WB6BYU Rating: 5/5 Jan 14, 2004 17:53 Send this review to a friend
A great DF receiver for 2m and ELT hunts!  Time owned: 6 to 12 months
This receiver takes some getting used to, but the features and abilities make it unmatched for a DF receiver.

Frequency range is 120 - 123 and 143 - 150 MHz to cover both 2m and ELTs. The receiver has automatic attenuation in 15dB steps, with a numeric readout telling you the current step. This gives an immediate indication of how strong the signal is. Once you find the delay setting that works best for your hunting style, the receiver automatically adjusts the gain for you and all you have to do it take bearings.

The receiver has 3 modes: AM, FM, and audio S
meter (variable tone frequency with signal strength - what the Aussies call "Whoopee mode".)
With stereo headphones, you get the strength tone in one ear and the modulation in the other. There
is also a built-in small speaker - good for demos,
or as a backup in case your headphone cable snags
on a branch and self-destructs.

The receiver has a BNC fitting - the user has to supply a suitable beam antenna. (The WB2HOL tape measure beam is a good start.) There are 6 memories for your favorite frequencies: direct freqency entry is great for known transmitters, but does not allow for tuning the band to find the desired signal.

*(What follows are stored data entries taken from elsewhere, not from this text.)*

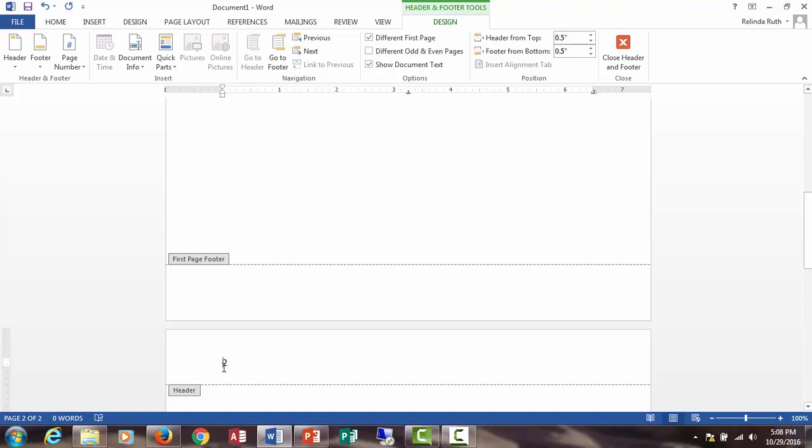Now type your title in capital letters, but don't type running head this time. Make sure your cursor is to the left of the number, and again use the tab key to move the number to the right margin.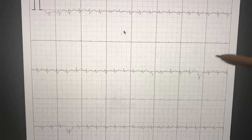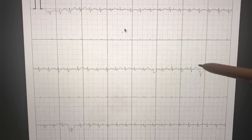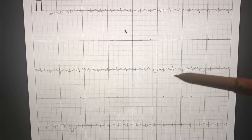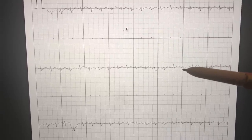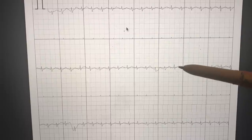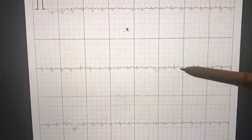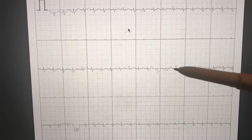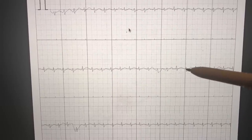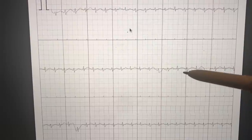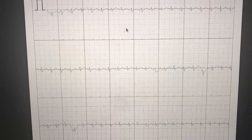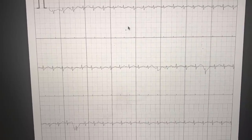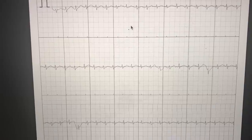Number one, it's worth remembering that the way you calculate the rate is to count the number of big squares between two spikes and divide 300 by that number. So here there are two big squares between these two spikes, so 300 divided by two tells you the heart rate is 150. If there were four big squares between the two spikes, the heart rate would be 75. That's how you calculate the heart rate.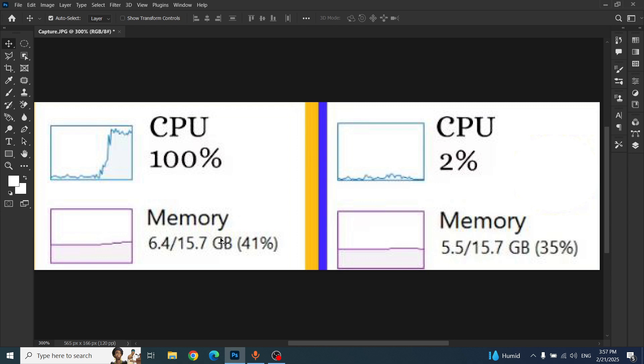Hello friends, welcome back to my channel. Today I'm going to share how you can fix high RAM memory, CPU, and disk usage problems while doing your daily tasks or while playing games. Just follow the steps and the problem will be fixed.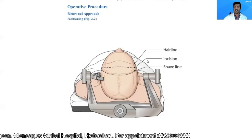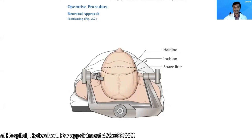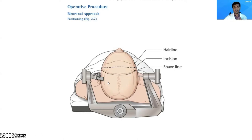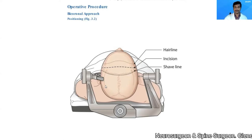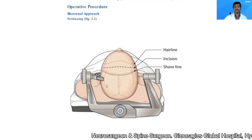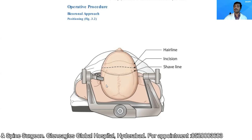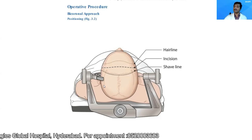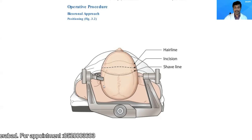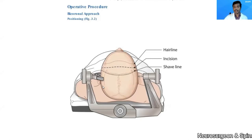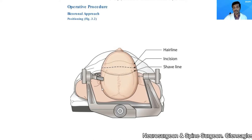Regarding the operative position, we fix the head. In my institute and personal experience, when planning for a bicoronal technique, I prefer rigid immobilization in a three-pin headrest. However, if you need to save time, you can position the patient on a horseshoe headrest.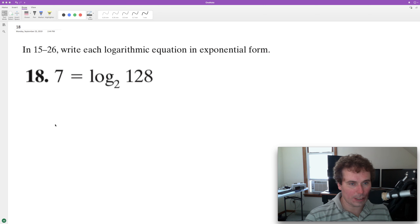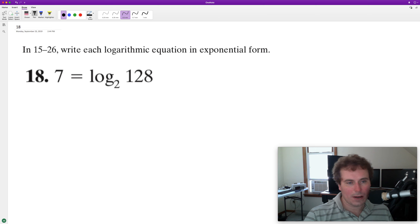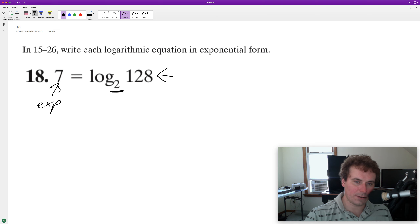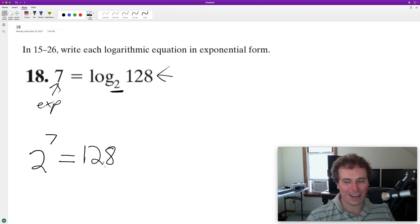We want to convert this into exponential form, so we need to identify a few things. Our base in this instance is going to be 2, our exponent is 7, and our result is 128. This means that our base 2 raised to the 7th is going to be equal to 128, and that's it.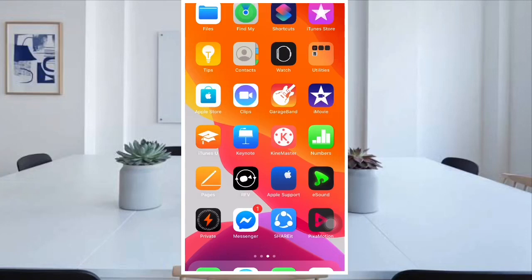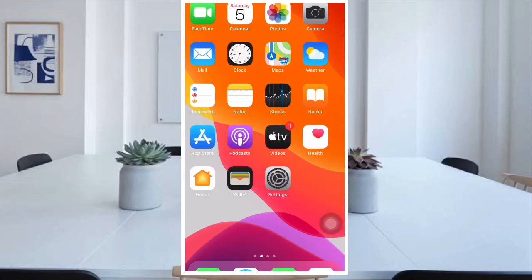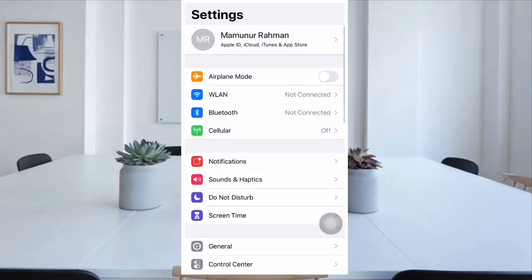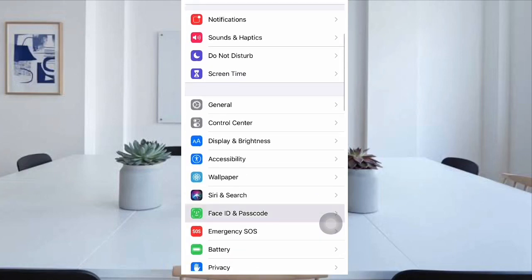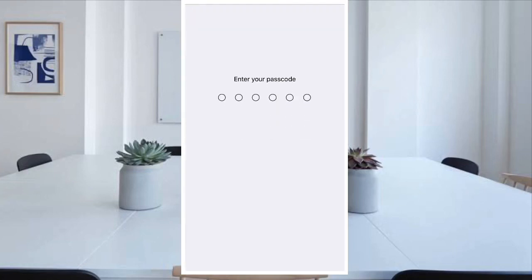Hello viewers, welcome to my another video. Today I'll show how to lock your Messenger app by using Face ID, Touch ID, or passcode. First, go to your Settings and set up your Face ID, Touch ID, or passcode.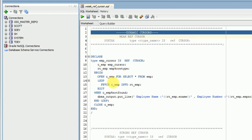Welcome to PL/SQL video tutorials. This session I'm going to explain about a dynamic cursor type called weak ref cursor. As you know, when you are going for cursors there are different cursors in PL/SQL. Our default system cursors are implicit cursors, and when you are going for explicit cursors there are two types.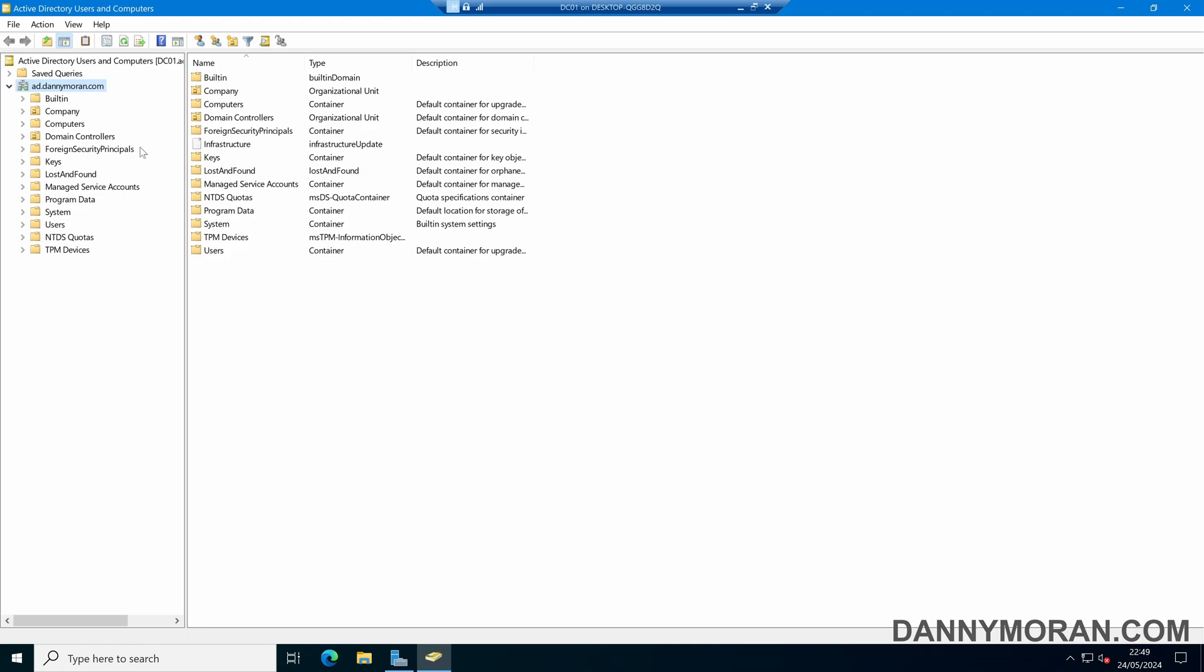Now that advanced features is enabled, we can see more of the containers that are within Active Directory but hidden by default.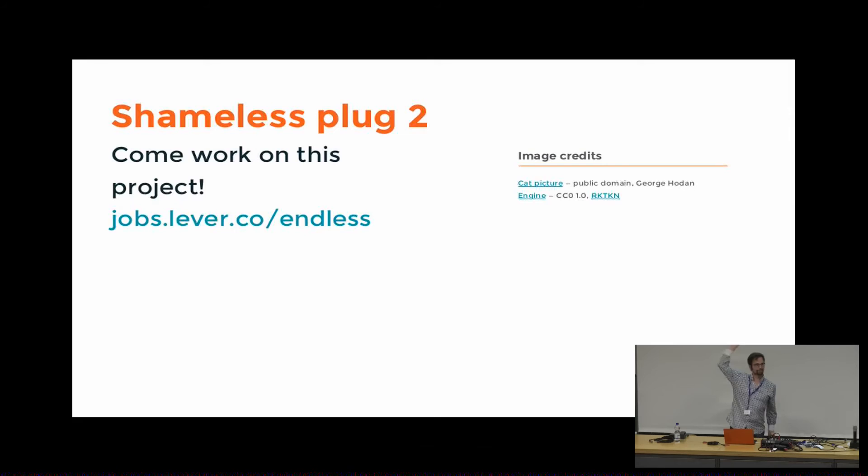And then, shameless plug, too, if you want to work on this, here's where to go. Jobs.lever.co slash endless. Thanks.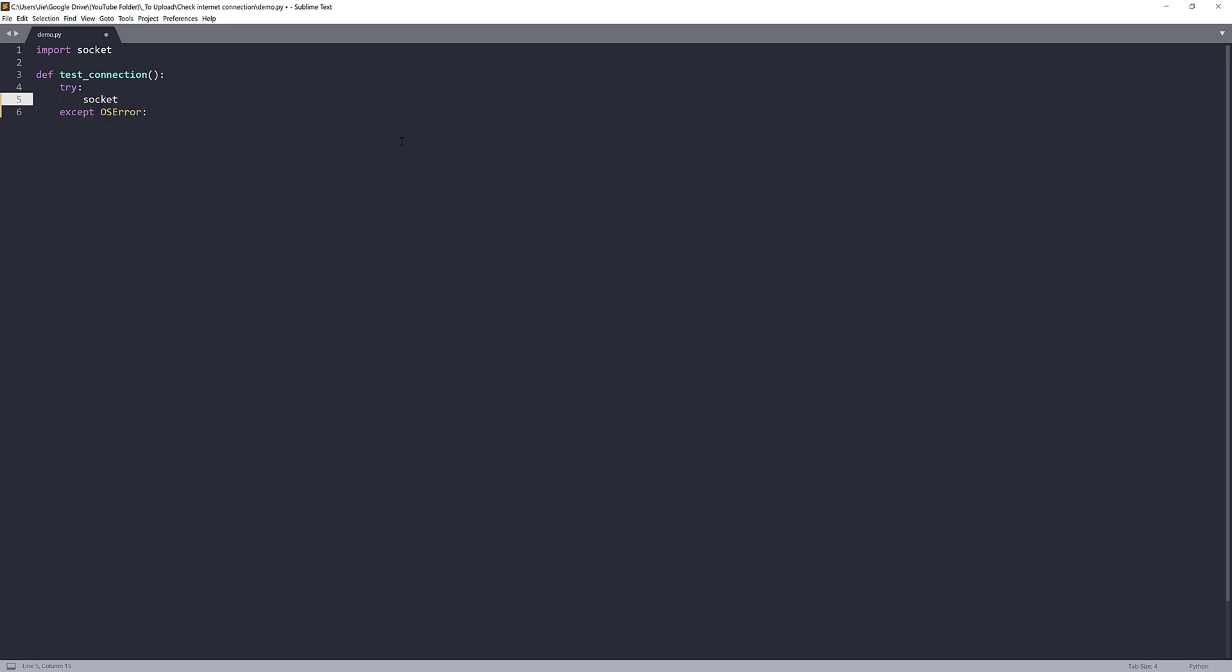And using the socket module, there's a function called createConnection. The createConnection function is going to initialize a connection trying to connect to a TCP service and listening to the internet address. And this address is going to ask for a tuple object. So I'm going to insert a tuple object.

It's great to have ELT coverage in the same unit. However I find I have to set the attenuation level manually for ELT signals because the varying power output seems to confuse the range-setting logic. This may just be one of the other settings that needs to be changed.

With a sensitive pair of headphones I usually run the unit at minimum volume. At this setting the signal strength tone is considerably weaker than the demodulated audio, though this is not a problem at higher audio levels. There is a light sensor to adjust the brightness of the range indicator - I put a piece of black tape over the
sensor so it always runs at low illumination to reduce battery current.

The receiver runs on two AA cells, and Bryan VK3YNG has done some great work to document the expected life of different battery types (on his web site.) In summary, use good quality Alkaline cells, or, better yet, Lithium cells. The receiver does not work with rechargable cells (the output voltage is too low) and there is no provision for an external power source.

This receiver makes it easy to take bearings without having to adjust the receiver gain or attenuation for the signal strength. But do get some practice before using the more advanced features on an actual hunt - I still get confused when setting the attenuation levels manually and often end up on the wrong frequency by mistake! The automatic attenuation steps can be a bit confusing when the signal suddenly gets weaker (though there is a tone announcement to tell you that it changed.)

It won't win hunts all by itself, but it makes it easier to do better - especially on foot in the woods where one has to pay constant attention to footing and avoiding obsticles instead of operating the receiver.
 
WM5R Rating: 5/5 Feb 10, 2003 11:54 Send this review to a friend
Hot new two meter ARDF receiver  Time owned: 0 to 3 months
As a brand new owner of the VK3YNG VHF Foxhunt Sniffer Mk 4, I am really looking forward to hunting with this receiver. I love the blue front panel!

I purchased mine from Bryan using PayPal, which is probably the easiest way to get the money to Australia, but Bryan also takes wire transfers and Western Union - email him for details.